Fizesse gala de algum tipo de conexão intelectual e ter-se-ia inscrito na História como um segundo “Tropicália ou Panis et Circensis”. E caso alguém por ele tivesse dado em ‘71, reconhecer-lhe-ia um ano depois ascendência sobre “Acabou Chorare”, o paradigmático álbum-esponja dos Novos Baianos. Porque vindo de produzir Leno em “Vida e Obra de Johnny McCartney”, Raul Seixas – com obscuros auxiliares de pouca sorte – aproveitava os créditos acumulados na CBS, e umas férias do seu Director Geral, para ensaiar um desconcertante e dispendioso manifesto capaz de levar o rock de propensão psicadélica às fronteiras do bolero, baião, xote, choro, seresta ou samba (aos quais jamais voltaria de forma tão declarada), com o fim de revolucionar a música brasileira.
Longe da pretensão dos seus conterrâneos – que tentando reflectir a iminência plástica da cultura popular dela se afastavam – antecipava a mensagem, tão inconformista quanto inconstante, que viria a concretizar com ‘Metamorfose Ambulante’ (“eu prefiro ser essa metamorfose ambulante do que ter aquela velha opinião formada sobre tudo”), em ‘73 incluído em “Krig-Ha, Bandolo!”. Mas, por enquanto, a proposta desta Grã-Ordem – vinda então de um desconhecido, pois poucos teriam ouvido Raulzito e os Panteras ou lhe reconheceriam o nome nos créditos de Jerry Adriani ou Tony & Frankye – foi demasiado ousada para a censura (que lhe proibiu canções), arriscada para a editora e esquiva para o grande público, ficando nas entrelinhas de biografias artísticas e na esfera mitológica do coleccionismo.

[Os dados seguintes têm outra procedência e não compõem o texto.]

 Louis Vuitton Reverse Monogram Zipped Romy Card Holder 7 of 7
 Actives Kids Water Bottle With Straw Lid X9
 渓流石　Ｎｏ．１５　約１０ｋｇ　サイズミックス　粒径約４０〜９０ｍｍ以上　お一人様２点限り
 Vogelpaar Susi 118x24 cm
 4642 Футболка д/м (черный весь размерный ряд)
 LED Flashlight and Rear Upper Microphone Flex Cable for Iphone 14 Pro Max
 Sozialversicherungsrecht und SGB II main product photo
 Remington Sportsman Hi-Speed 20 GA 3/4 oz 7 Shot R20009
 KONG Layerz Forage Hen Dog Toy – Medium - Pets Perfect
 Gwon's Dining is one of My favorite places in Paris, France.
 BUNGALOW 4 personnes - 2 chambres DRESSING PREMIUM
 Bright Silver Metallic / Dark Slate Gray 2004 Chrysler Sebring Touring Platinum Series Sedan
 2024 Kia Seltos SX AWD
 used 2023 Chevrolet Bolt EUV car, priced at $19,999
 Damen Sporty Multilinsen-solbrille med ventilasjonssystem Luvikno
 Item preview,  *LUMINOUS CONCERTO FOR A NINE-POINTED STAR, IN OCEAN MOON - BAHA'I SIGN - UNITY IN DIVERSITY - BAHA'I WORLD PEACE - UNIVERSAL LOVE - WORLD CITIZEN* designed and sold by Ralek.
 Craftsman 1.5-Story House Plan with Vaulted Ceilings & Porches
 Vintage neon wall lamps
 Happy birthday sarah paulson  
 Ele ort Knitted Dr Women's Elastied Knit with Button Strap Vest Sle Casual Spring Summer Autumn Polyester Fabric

E apesar de não ser bem o “disco voador” de que também fala – possui na sua essência aproximações melódicas aos Mutantes de “Jardim Elétrico” ou ao Tom Zé de “Se o Caso É Chorar” – esta “Sessão das Dez” terá agora outra relevância. Porque é hoje claro que na viagem até ao lugar cimeiro do rock no Brasil, com a série de semi-obras-primas gravadas até finais da década de 70, não voltou Seixas a empunhar o mundo regional contra uma ‘sociedade de consumo’ retratada em frases de tão presente acuidade como “p’ra quê pensar, se eu tenho o que quero? Tenho nêga, o meu bolero, a TV e o futebol”, a arriscar soluções formais de idêntico radicalismo (marchas circenses embatendo em frevos, vinhetas Belle Époque como jingles publicitários e arranjos acusmáticos da estirpe Zappa-Martin-Duprat) ou a comunicar tão desembaraçadamente as suas ideias. E isso vale ouro.